### Your goal
Within the entries below, the lines from the one with "DSCN2816.jpg" through the one with "Atraso no plantio" are to be set down exactly, both ends kept.
══ Listed entries
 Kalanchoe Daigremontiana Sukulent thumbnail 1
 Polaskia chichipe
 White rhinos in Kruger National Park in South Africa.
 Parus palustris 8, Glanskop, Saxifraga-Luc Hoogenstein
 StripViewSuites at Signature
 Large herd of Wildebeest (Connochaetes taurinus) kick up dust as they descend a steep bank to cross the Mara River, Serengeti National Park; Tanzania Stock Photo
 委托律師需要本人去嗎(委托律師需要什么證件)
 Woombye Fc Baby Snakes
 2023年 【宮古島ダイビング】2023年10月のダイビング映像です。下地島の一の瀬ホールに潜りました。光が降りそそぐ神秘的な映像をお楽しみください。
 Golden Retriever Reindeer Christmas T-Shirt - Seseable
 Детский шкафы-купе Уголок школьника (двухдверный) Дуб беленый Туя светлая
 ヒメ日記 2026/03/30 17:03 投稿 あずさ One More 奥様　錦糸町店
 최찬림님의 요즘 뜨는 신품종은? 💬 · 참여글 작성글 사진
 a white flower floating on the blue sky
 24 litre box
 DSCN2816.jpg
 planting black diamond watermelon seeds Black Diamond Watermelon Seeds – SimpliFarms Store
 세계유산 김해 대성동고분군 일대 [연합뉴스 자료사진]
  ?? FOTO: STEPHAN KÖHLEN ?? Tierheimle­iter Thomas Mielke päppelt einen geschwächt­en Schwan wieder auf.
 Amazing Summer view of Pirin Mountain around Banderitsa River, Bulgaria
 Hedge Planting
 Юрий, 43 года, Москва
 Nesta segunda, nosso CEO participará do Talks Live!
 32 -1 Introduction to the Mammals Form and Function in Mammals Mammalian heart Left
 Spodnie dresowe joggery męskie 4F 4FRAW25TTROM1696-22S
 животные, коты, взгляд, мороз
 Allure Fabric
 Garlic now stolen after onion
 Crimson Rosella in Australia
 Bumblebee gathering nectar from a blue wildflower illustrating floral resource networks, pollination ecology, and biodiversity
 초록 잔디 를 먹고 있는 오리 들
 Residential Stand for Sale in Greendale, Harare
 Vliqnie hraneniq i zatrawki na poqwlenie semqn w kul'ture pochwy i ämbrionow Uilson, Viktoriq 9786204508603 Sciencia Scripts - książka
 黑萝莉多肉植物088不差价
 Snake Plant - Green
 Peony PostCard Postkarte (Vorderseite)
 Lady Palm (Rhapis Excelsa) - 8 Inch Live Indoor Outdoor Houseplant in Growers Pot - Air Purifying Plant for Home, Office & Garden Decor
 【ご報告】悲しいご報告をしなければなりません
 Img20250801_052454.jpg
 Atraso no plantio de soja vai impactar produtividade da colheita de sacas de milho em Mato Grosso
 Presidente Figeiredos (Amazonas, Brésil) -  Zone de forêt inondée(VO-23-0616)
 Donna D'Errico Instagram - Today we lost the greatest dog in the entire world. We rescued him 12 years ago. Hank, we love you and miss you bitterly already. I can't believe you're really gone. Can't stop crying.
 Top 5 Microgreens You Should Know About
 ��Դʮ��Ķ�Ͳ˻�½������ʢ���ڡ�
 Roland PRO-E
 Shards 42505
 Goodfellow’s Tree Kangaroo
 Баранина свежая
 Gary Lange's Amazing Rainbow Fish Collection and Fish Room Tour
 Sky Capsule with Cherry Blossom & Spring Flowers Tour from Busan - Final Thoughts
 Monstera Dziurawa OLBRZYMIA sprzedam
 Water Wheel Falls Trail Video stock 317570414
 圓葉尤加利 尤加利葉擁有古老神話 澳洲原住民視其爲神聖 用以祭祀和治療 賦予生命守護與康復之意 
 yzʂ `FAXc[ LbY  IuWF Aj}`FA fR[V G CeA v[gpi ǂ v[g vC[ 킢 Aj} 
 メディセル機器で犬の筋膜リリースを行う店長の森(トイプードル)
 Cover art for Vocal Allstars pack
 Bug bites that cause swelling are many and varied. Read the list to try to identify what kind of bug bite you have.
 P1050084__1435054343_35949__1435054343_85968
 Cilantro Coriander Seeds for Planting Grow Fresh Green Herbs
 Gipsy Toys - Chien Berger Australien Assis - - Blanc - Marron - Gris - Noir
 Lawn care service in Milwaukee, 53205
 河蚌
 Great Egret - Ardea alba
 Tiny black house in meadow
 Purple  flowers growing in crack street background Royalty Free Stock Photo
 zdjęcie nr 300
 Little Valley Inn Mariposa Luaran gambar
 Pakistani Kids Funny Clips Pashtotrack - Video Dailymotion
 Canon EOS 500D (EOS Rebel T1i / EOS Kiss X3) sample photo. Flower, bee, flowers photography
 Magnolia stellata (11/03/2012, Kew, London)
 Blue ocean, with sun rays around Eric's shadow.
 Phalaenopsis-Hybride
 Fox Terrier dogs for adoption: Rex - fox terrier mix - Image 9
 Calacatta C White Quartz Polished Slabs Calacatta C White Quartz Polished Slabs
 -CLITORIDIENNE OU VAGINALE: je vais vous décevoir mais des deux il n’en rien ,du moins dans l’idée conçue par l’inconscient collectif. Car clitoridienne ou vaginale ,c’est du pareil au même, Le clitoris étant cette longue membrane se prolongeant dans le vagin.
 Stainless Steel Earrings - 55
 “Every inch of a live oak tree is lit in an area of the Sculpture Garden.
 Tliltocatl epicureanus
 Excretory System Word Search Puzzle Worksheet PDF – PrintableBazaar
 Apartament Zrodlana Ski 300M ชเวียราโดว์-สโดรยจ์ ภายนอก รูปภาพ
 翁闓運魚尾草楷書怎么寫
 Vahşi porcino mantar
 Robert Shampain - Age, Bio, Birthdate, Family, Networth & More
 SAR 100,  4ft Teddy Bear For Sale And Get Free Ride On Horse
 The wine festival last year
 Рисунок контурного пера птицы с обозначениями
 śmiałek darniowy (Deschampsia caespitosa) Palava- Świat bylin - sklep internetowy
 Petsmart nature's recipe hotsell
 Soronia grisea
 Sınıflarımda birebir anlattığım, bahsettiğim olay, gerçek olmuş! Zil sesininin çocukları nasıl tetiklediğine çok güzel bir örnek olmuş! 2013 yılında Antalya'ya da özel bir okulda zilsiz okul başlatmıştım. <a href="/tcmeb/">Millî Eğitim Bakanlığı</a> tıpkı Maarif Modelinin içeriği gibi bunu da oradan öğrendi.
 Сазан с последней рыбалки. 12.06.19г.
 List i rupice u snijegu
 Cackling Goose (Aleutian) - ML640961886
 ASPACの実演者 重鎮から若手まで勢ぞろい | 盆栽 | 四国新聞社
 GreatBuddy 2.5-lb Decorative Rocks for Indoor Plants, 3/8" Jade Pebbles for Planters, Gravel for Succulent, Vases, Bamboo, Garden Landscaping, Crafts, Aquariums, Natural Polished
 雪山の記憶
════
### Solution for this problem
 DSCN2816.jpg
 planting black diamond watermelon seeds Black Diamond Watermelon Seeds – SimpliFarms Store
 세계유산 김해 대성동고분군 일대 [연합뉴스 자료사진]
  ?? FOTO: STEPHAN KÖHLEN ?? Tierheimle­iter Thomas Mielke päppelt einen geschwächt­en Schwan wieder auf.
 Amazing Summer view of Pirin Mountain around Banderitsa River, Bulgaria
 Hedge Planting
 Юрий, 43 года, Москва
 Nesta segunda, nosso CEO participará do Talks Live!
 32 -1 Introduction to the Mammals Form and Function in Mammals Mammalian heart Left
 Spodnie dresowe joggery męskie 4F 4FRAW25TTROM1696-22S
 животные, коты, взгляд, мороз
 Allure Fabric
 Garlic now stolen after onion
 Crimson Rosella in Australia
 Bumblebee gathering nectar from a blue wildflower illustrating floral resource networks, pollination ecology, and biodiversity
 초록 잔디 를 먹고 있는 오리 들
 Residential Stand for Sale in Greendale, Harare
 Vliqnie hraneniq i zatrawki na poqwlenie semqn w kul'ture pochwy i ämbrionow Uilson, Viktoriq 9786204508603 Sciencia Scripts - książka
 黑萝莉多肉植物088不差价
 Snake Plant - Green
 Peony PostCard Postkarte (Vorderseite)
 Lady Palm (Rhapis Excelsa) - 8 Inch Live Indoor Outdoor Houseplant in Growers Pot - Air Purifying Plant for Home, Office & Garden Decor
 【ご報告】悲しいご報告をしなければなりません
 Img20250801_052454.jpg
 Atraso no plantio de soja vai impactar produtividade da colheita de sacas de milho em Mato Grosso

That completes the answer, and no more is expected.